Data synchronization is no problem for computers that are permanently linked by means of a fast network. In this case, use a network file system like NFS and store the files on a server, enabling all hosts to access the same data via the network. This approach is impossible if the network connection is poor or not permanent. When you are on the road with a laptop, copies of all needed files must be on the local hard disk. However, it is then necessary to synchronize modified files. When you modify a file on one computer, make sure a copy of the file is updated on all other computers. For occasional copies, this can be done manually with scp or rsync. However, if many files are involved, the procedure can be complicated and requires great care to avoid errors, such as overwriting a new file with an old file.

[Warning]Risk of Data Loss

Before you start managing your data with a synchronization system, you should be well acquainted with the program used and test its functionality. A backup is indispensable for important files.

The time-consuming and error-prone task of manually synchronizing data can be avoided by using one of the programs that use various methods to automate this job. The following summaries are merely intended to convey a general understanding of how these programs work and how they can be used. If you plan to use them, read the program documentation.

23.1.1. Unison

Unison is not a network file system. Rather, the files are simply saved and edited locally. The program Unison can be executed manually to synchronize files. When the synchronization is performed for the first time, a database is created on the two hosts, containing check sums, time stamps, and permissions of the selected files. The next time it is executed, Unison can recognize which files were changed and propose transmission from or to the other host. Usually all suggestions can be accepted.

23.1.2. CVS

CVS, which is mostly used for managing program source versions, offers the possibility to keep copies of the files on multiple computers. Accordingly, it is also suitable for data synchronization.

CVS maintains a central repository on the server in which the files and changes to files are saved. Changes that are performed locally are committed to the repository and can be retrieved from other computers by means of an update. Both procedures must be initiated by the user.

CVS is very resilient to errors when changes occur on several computers. The changes are merged and, if changes took place in the same lines, a conflict is reported. When a conflict occurs, the database remains in a consistent state. The conflict is only visible for resolution on the client host.

23.1.3. subversion

In contrast to the evolved CVS, subversion is a consistently designed project. subversion was developed to supersede CVS and to alleviate its technical shortcomings.
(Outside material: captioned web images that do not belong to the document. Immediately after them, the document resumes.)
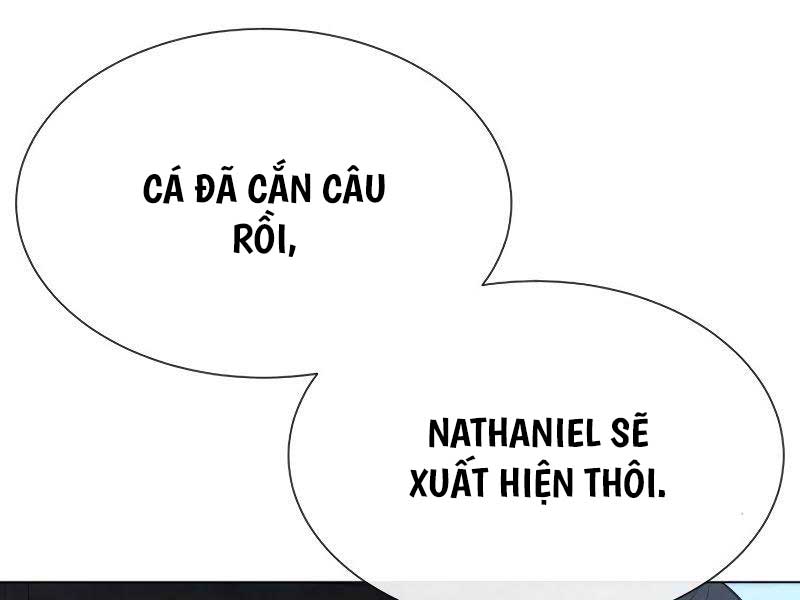 Sát Thủ Peter Tập 16.5 trang 90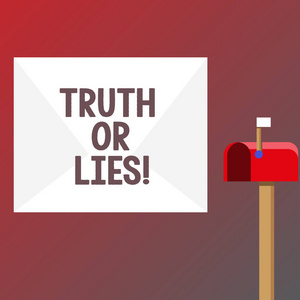 商业图片文字决定了事实还是说谎疑点混淆.照片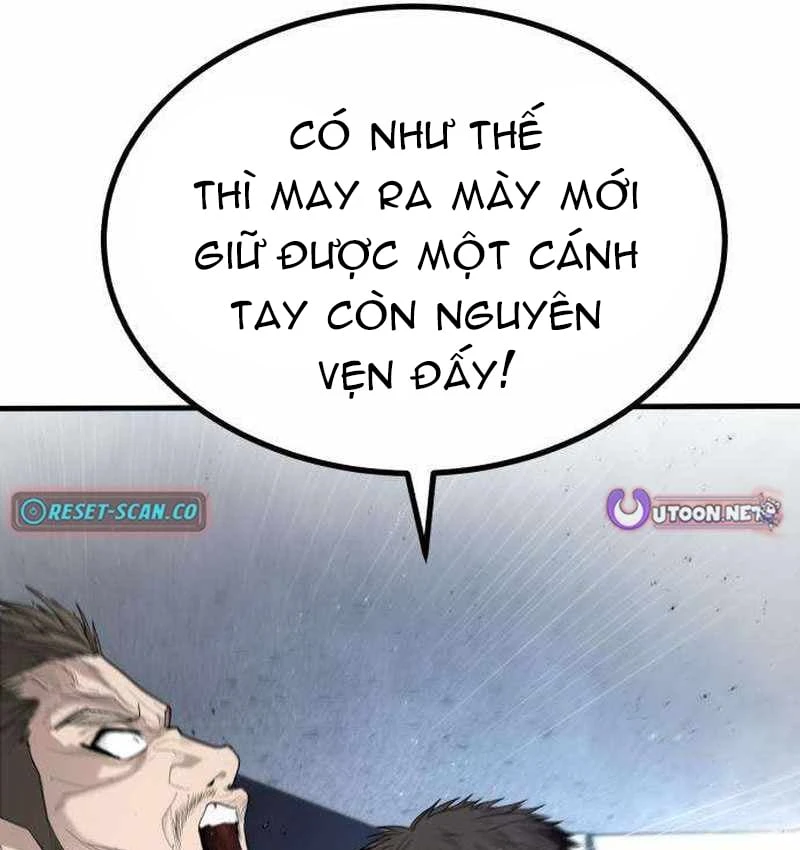 Đại Boss Ẩn Mình Chapter  2 - 238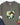 Autism Kids clothes - Jasmine Sitting In The Flowers - Bloom Buddies Kids T-Shirt - Daily Bloom
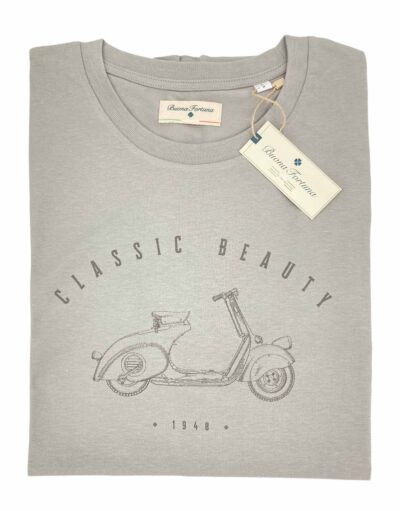 comprar camisetas vespa sport tienda online ropa hombre exclusivas camiseta moto vespa piedra shop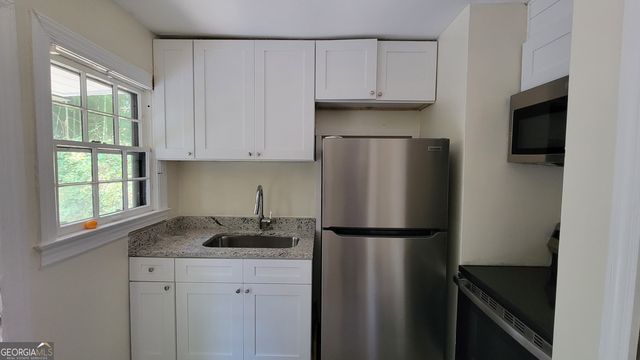 2267 Rugby Terrace, Atlanta, GA 30337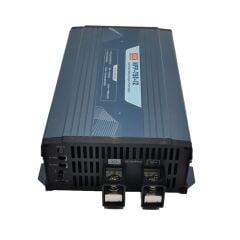 NPP-750-48, 57.6V 11.3A (2-in-1) Güç Kaynağı & Akü Şarj Devresi, Mean Well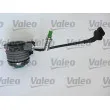 Butée hydraulique , embrayage VALEO 810002 - Visuel 2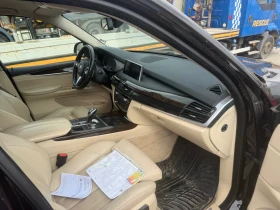 BMW X5 4.0D - 8400 € - 12992790 6 | Car24.bg BMW X5 4.0D - 8400 € - 12992790 6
subversion has been improved in many respects to its predecessor. Due to its history, CVS only maintains files and is oblivious of directories. Directories also have a version history in subversion and can be copied and renamed just like files. It is also possible to add metadata to every file and to every directory. This metadata can be fully maintained with versioning. As opposed to CVS, subversion supports transparent network access over dedicated protocols, like WebDAV.

subversion was, in large part, assembled using already existing application packages. This is why the web server apache and the extension WebDAV are always run in conjunction with subversion.

23.1.4. mailsync

Unlike the synchronization tools covered in the previous sections, mailsync only synchronizes e-mails between mailboxes. The procedure can be applied to local mailbox files as well as to mailboxes on an IMAP server.

Based on the message ID contained in the e-mail header, the individual messages are either synchronized or deleted. Synchronization is possible between individual mailboxes and between mailbox hierarchies.

23.1.5. rsync

When no version control is needed but large directory structures need to be synchronized over slow network connections, the tool rsync offers well-developed mechanisms for transmitting only changes within files. This not only concerns text files, but also binary files. To detect the differences between files, rsync subdivides the files into blocks and computes checksums over them.

The effort put into the detection of the changes comes at a price. The systems to synchronize should be scaled generously for the usage of rsync. RAM is especially important.